Digital products and their users need privacy, reliability, cost control, and an option to be independent from closed-source model providers.
Paddler is an open-source LLM load balancer and serving platform. It allows you to run inference, deploy, and scale LLMs on your own infrastructure, providing a great developer experience along the way.
- Inference through a built-in llama.cpp engine
- LLM-specific load balancing
- Works through agents that can be added dynamically, allowing integration with autoscaling tools
- Request buffering, enabling scaling from zero hosts
- Dynamic model swapping
- Built-in web admin panel for management, monitoring, and testing
- Observability metrics
- Product teams that need LLM inference and embeddings in their features
- DevOps/LLMOps teams that need to run and deploy LLMs at scale
- Organizations handling sensitive data with high compliance and privacy requirements (medical, financial, etc.)
- Organizations wanting to achieve predictable LLM costs instead of being exposed to per-token pricing
- Product leaders who need reliable model performance to maintain a consistent user experience of their AI-based features
- Discord https://discord.gg/92x3Z8a4gj
- Reddit (just started a subreddit, we will see how it goes :)) https://www.reddit.com/r/paddler/
Paddler is self-contained in a single binary file, so all you need to do to start using it is obtain the paddler binary and make it available in your system.

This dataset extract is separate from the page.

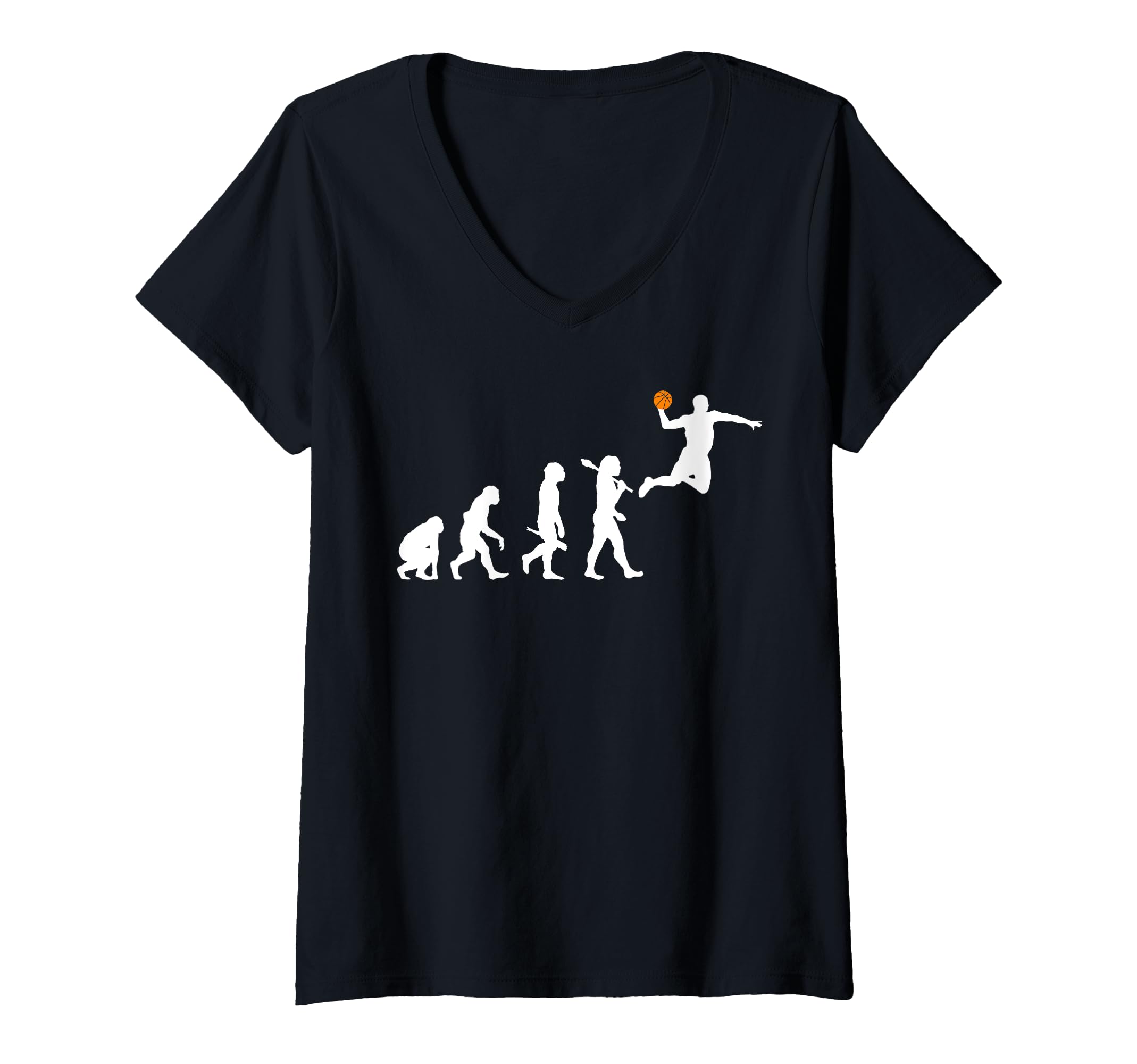 Womens Basketball Evolution funny basketball dunk V-Neck T-Shirt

You can obtain the binary by:
- Option 1: Downloading the latest release from our GitHub releases
- Option 2: Or building Paddler from source (MSRV is 1.88.0)
Once you have made the binary available in your system, you can start using Paddler. The entire Paddler functionality is available through the paddler command (running paddler --help will list all available commands).

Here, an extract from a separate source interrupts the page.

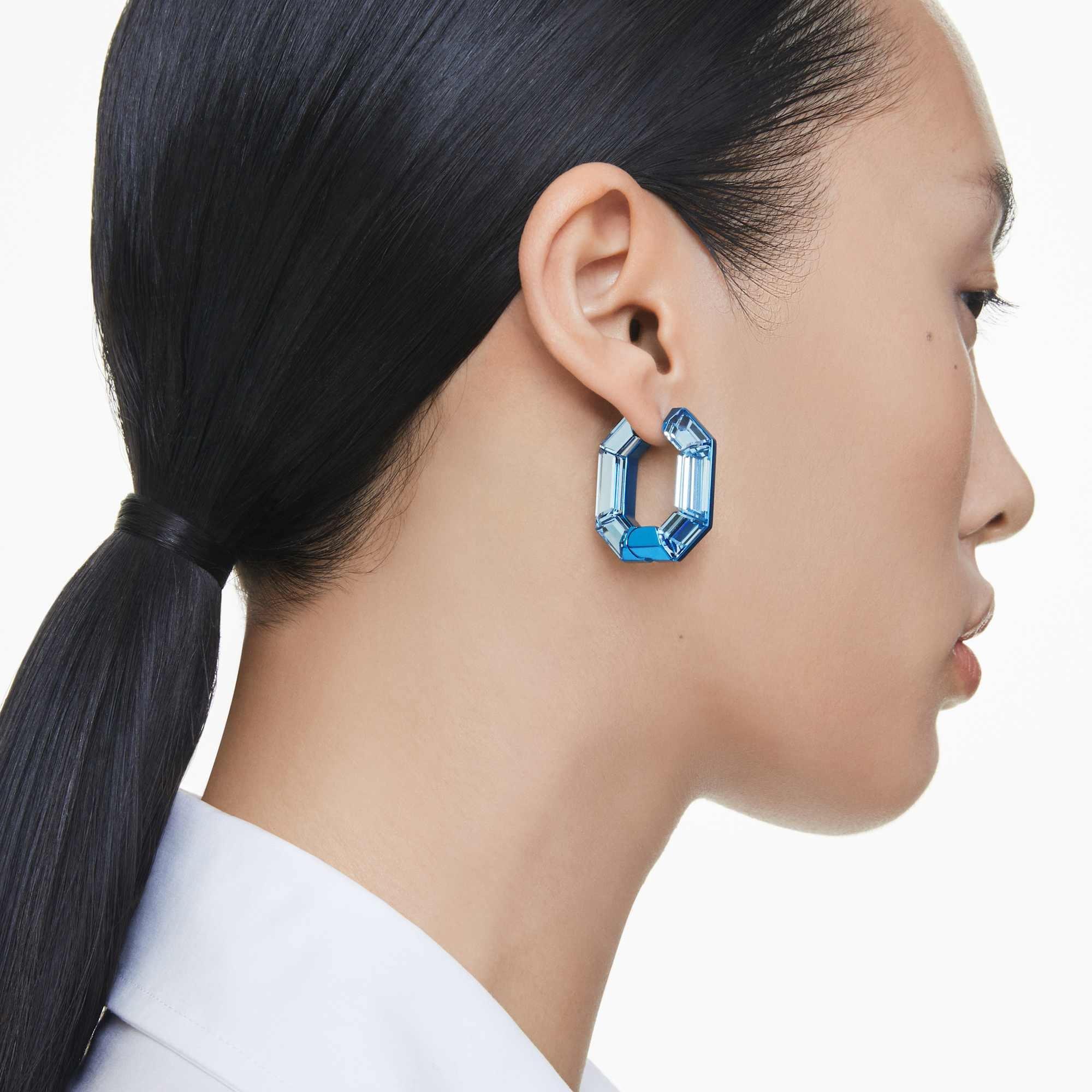 Pendientes de aro Lucent con cristales azules - SWAROVSKI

There are only two deployable components, the balancer (which distributes the incoming requests), and the agent (which generates tokens and embeddings through slots).

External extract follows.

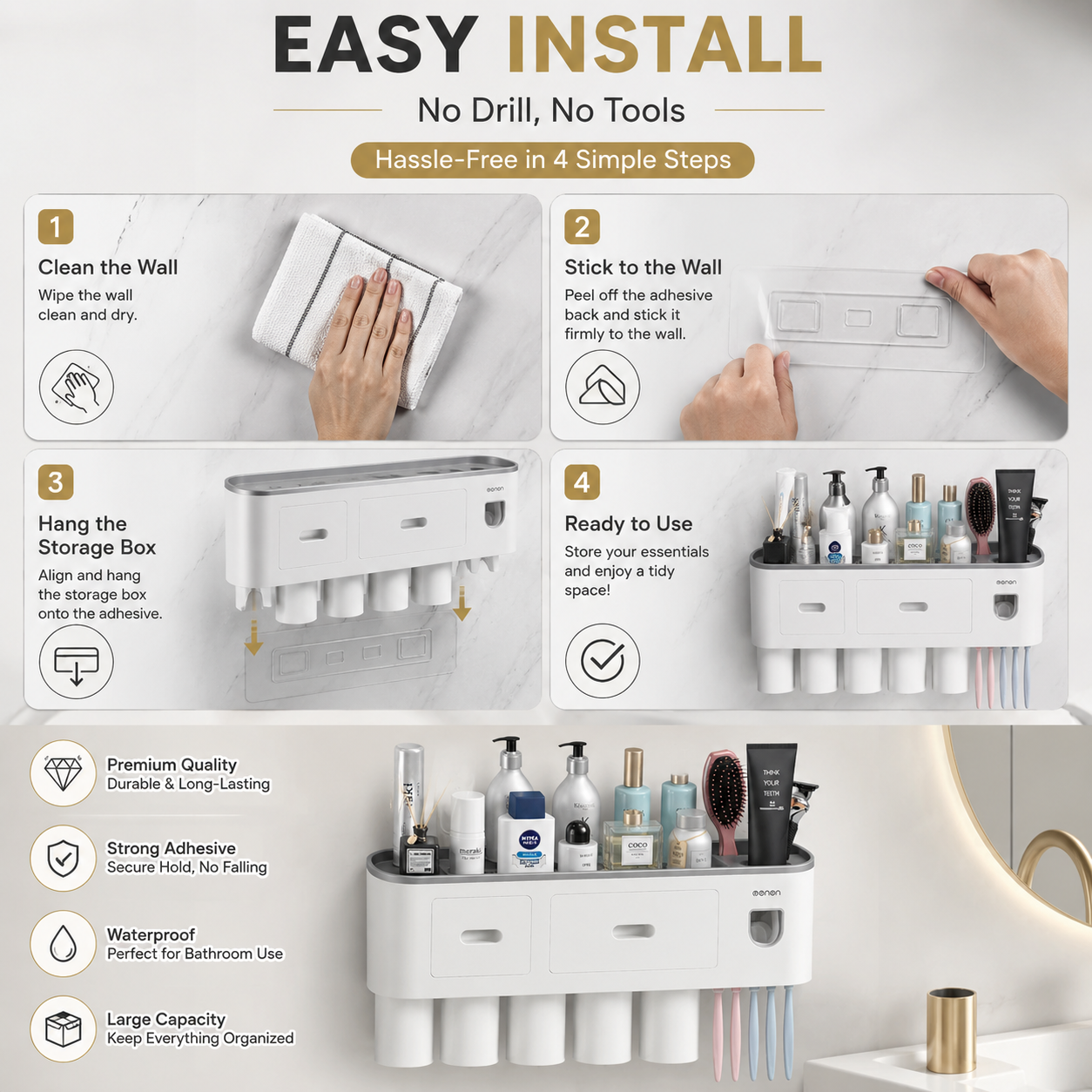 Bathroom Organizer Storage Accessories Wall Mounted Toothbrush Holders with Toothpaste Dispenser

To start the balancer, run:
paddler balancer --inference-addr 127.0.0.1:8061 --management-addr 127.0.0.1:8060 --web-admin-panel-addr 127.0.0.1:8062The --web-admin-panel-addr flag is optional, but it will allow you to view your setup in a web browser.
And to start an agent with, for example, 4 slots, run:
paddler agent --management-addr 127.0.0.1:8060 --slots 4Read more about the installation and setting up a basic cluster.
- Visit our documentation page to install Paddler and get started with it.
- API documentation is also available.
- Video overview
- FOSEDM 2026 talk - From Infrastructure to Production: A Year of Self-Hosted LLMs.
Paddler is built for an easy setup. It comes as a self-contained binary with only two deployable components, the balancer and the agents.
The balancer exposes the following:
- Inference service (used by applications that connect to it to obtain tokens or embeddings)
- Management service, which manages the Paddler's setup internally
- Web admin panel that lets you view and test your Paddler setup
Agents are usually deployed on separate instances. They further distribute the incoming requests to slots, which are responsible for generating tokens and embeddings.
Paddler uses a built-in llama.cpp engine for inference, but has its own implementation of llama.cpp slots, which keep their own context and KV cache.
Paddler comes with a built-in web admin panel.
You can use it to monitor your Paddler fleet:

Add and update your model and customize the chat template and inference parameters:

And use a GUI to test the inference:

Paddler comes in two versions: a command-line interface for infrastructure use, and a desktop application for more casual use cases, like using multiple laptops and PCs in a local AI cluster or setting up an office-wide company second brain, without using a console.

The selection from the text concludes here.